The differential metabolites between producers and non-producers were determined by a Mann Whitney test (adjusted p-values with Benjamini-Hochberg method) with a level of significance of 0.05 (bars with black outline) and used as input for a metabolic pathway enrichment with FELLA algorithm. The colors indicate the mapped metabolite pathway for each metabolite.

Figure 3—figure supplement 4
Volcano plot of metabolomics data between wildtype (WT) Pseudomonas aeruginosa PA14 strain and its ΔrhlA mutant grown in glycerol minimal medium (replotted with permission from Bayram et al., 2016).

A positive log2 fold change indicates a metabolite enriched in the mutant compared to theWT. The dots in red represent metabolites significantly enriched in the mutant, the dots in blue represent metabolites significantly reduced in the mutant.

Figure 4 with 1 supplement
Computer simulations using flux-balance analysis and experiments with H2O2 indicate that the ability to produce surfactants in glycerol media depends on a strain’s ability to reduce oxidative stress.

(A-C) Computer model: the simulations vary the redox balance of Pseudomonas metabolism by altering the fluxes of (A) NADH (reduced nicotinamide adenine dinucleotide), (B) NADPH (reduced nicotinamide adenine dinucleotide phosphate), and (C) GSH (reduced glutathione).
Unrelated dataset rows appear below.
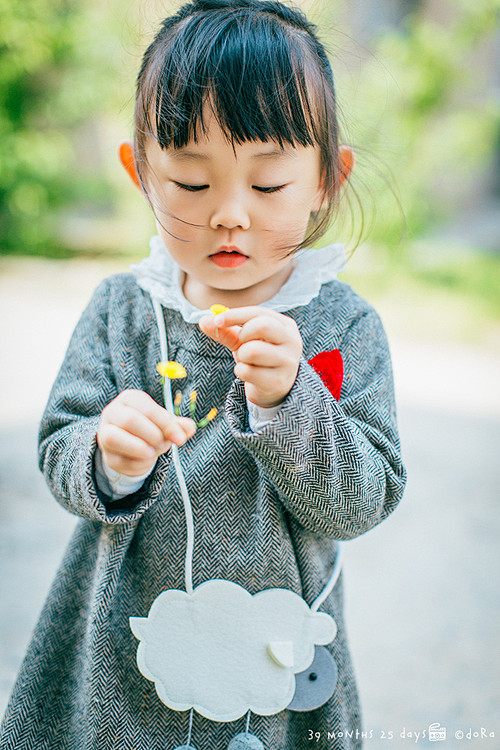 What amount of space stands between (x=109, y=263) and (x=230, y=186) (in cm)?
415

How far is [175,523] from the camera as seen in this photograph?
73cm

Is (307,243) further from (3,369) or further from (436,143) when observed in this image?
(436,143)

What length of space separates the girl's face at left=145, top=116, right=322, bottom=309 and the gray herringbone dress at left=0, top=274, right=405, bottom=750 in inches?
3.5

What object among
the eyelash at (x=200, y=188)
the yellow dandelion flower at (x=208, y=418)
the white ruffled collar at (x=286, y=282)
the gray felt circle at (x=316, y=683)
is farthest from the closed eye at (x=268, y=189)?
the gray felt circle at (x=316, y=683)

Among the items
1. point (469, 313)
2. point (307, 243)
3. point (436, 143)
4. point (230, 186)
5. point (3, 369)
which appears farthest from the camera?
point (436, 143)

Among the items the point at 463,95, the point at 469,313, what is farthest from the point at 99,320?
the point at 463,95

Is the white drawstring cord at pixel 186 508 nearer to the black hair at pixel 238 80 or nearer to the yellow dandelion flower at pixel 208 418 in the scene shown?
the yellow dandelion flower at pixel 208 418

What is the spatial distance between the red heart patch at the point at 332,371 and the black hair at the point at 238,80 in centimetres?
22

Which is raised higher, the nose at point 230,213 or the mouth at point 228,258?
the nose at point 230,213

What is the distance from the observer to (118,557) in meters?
0.71

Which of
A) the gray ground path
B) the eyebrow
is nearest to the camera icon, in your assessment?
the gray ground path

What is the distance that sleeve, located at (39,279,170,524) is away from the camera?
2.10 feet

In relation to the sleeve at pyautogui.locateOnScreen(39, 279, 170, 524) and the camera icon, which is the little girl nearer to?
the sleeve at pyautogui.locateOnScreen(39, 279, 170, 524)

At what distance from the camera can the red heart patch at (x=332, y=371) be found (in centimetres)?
69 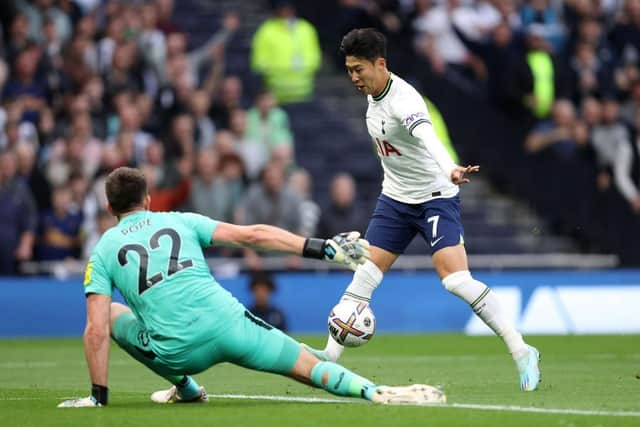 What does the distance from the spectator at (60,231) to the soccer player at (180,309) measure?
10.6 metres

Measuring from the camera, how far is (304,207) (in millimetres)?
20359

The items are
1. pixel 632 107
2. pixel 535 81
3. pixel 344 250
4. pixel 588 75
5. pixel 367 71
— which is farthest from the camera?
pixel 588 75

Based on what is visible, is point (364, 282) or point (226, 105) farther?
point (226, 105)

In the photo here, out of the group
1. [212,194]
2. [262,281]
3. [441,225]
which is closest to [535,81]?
[212,194]

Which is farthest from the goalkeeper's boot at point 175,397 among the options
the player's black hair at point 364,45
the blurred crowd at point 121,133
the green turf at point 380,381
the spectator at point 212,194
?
the spectator at point 212,194

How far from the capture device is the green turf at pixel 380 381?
865 centimetres

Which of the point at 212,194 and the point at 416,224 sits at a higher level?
the point at 416,224

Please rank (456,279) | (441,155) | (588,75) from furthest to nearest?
(588,75) < (456,279) < (441,155)

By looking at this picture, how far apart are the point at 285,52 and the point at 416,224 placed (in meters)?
12.0

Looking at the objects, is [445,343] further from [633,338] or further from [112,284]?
[112,284]

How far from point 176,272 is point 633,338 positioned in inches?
401

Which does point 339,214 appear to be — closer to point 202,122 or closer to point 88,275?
point 202,122

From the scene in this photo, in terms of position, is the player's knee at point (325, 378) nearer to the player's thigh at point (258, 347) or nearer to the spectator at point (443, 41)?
the player's thigh at point (258, 347)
The upper panels show the predicted maximum growth rates, and lower panels are predicted maximum byproduct secretion fluxes. C:N indicates the carbon-to-nitrogen influx ratio provided by the culture medium. C:N=3 and C:N=10 represent carbon- and nitrogen-limiting conditions, respectively. Abbreviations: HAA: 3-(3-hydroxyalkanoyloxy) alkanoate; monoRL: monorhamnolipid; diRL: dirhamnolipid; aKG: alpha-ketoglutarate. (D–G). Experimental comparison of the ability to remove hydrogen peroxide (H2O2) among strong surfactant producers (+), weak producers (±), and non-producers (−). (D) Population density (OD600). (E) The total amount of hydrogen peroxide removed from the environment. Negative values indicate net cellular production of hydrogen peroxide released to the environment. (F) The specific hydrogen peroxide removal rate. In both (E) and (F), each trajectory of H2O2 fluorescence intensity was normalized to the averaged trajectory of the wild-type PA14 strain. (G) Effect size of surfactant production as a predictor of H2O2 removal rate per unit of OD600 determined by a linear mixed-effect model shows that producers can reduce oxidative stress better than non-producers.

Figure 4—figure supplement 1
Theoretical estimation of threshold carbon (glycerol):nitrogen (ammonium) ratio above which carbon is in excess in the sense that carbon release through rhamnolipids and central carbon metabolites does not compromise biomass production.

Abbreviations: HAA: 3-(3-hydroxyalkanoyloxy) alkanoate; monoRL: monorhamnolipid; diRL: dirhamnolipid; aKG: alpha-ketoglutarate.

Figure 5 with 2 supplements
Transcriptomic data, analyzed using the RLQ analysis, reveals genes and metabolic pathways with expression associated with the ability to produce surfactants in glycerol minimal media.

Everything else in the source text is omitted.